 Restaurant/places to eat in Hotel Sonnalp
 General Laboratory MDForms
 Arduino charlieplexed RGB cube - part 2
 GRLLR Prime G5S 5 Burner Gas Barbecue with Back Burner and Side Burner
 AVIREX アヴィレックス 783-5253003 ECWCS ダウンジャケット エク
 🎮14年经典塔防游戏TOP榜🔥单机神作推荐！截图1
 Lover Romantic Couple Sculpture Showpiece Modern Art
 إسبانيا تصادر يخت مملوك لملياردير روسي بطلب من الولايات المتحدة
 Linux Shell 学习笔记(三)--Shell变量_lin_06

----------------------------------------

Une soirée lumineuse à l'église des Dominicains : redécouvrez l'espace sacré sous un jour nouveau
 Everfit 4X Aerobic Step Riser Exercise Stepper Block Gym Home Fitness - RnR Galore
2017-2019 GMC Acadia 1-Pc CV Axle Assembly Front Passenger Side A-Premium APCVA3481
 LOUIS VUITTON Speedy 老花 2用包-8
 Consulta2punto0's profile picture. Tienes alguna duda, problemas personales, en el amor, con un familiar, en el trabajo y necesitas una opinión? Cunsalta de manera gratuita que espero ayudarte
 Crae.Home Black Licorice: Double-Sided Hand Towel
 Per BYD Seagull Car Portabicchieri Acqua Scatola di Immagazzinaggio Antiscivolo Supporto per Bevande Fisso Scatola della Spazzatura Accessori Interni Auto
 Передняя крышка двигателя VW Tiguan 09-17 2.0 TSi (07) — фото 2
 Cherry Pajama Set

----------------------------------------

• [EXERCISE PROMPT]: Return, unchanged, the run of lines above that opens with the line containing "Restaurant/places to eat in Hotel Sonnalp" and closes with the line containing "AVIREX アヴィレックス 783-5253003 ECWCS ダウンジャケット エク". Include both.

• [TASK RESULT]:
 Restaurant/places to eat in Hotel Sonnalp
 General Laboratory MDForms
 Arduino charlieplexed RGB cube - part 2
 GRLLR Prime G5S 5 Burner Gas Barbecue with Back Burner and Side Burner
 AVIREX アヴィレックス 783-5253003 ECWCS ダウンジャケット エク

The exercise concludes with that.